Addressing employees in the oil-rich state of Anzoátegui, Rodríguez framed the struggle over Venezuela’s future as a battle for sovereignty, both political and economic. She said the South American nation had come under intense pressure to open its vast petroleum sector to US investment following the capture of former president Nicolás Maduro by US authorities, a move that has upended the country’s already volatile power balance.
Rodríguez urged Venezuelans to reclaim decision-making from foreign capitals and to channel internal disputes through national institutions rather than external mediation. “It is important that we open spaces for democratic dissent, but that it be politics, with a capital P and with a V for Venezuela,” she told the workers, insisting that domestic actors must be the ones to resolve the country’s deep political rifts.
“Enough of Washington’s orders to politicians in Venezuela. May Venezuelan politics be the one to resolve our differences and our internal conflicts. Enough of foreign powers, this Republic has paid a very high price for having to face the consequences of fascism and extremism in our country,” she said, linking foreign pressure to years of confrontation, sanctions and institutional crisis.

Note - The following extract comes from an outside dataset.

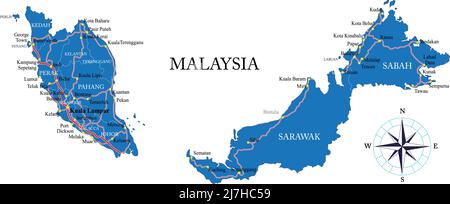 Highly detailed vector map of Malaysia with administrative regions, main cities and roads. Stock Vector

Her remarks came as the new authorities face mounting demands over the fate of hundreds of detainees still held in Venezuelan prisons. Families of prisoners, along with human rights organisations, have pressed the interim government to clarify who is being freed and who remains behind bars, amid longstanding allegations of politically motivated detentions.
Following Maduro’s capture, officials pledged to release what they called “a significant number” of prisoners. Rights groups say many of those detained were targeted for their political views or activism, and have urged transparent, independently verified releases.
Rodríguez said that 626 people have already been released, accusing unnamed sectors of “manipulating the figures through lies.” To address the controversy, she announced plans to ask the UN High Commissioner for Human Rights to verify the lists of those freed and those still in custody, in an attempt to close the gap between official claims and civil society reports.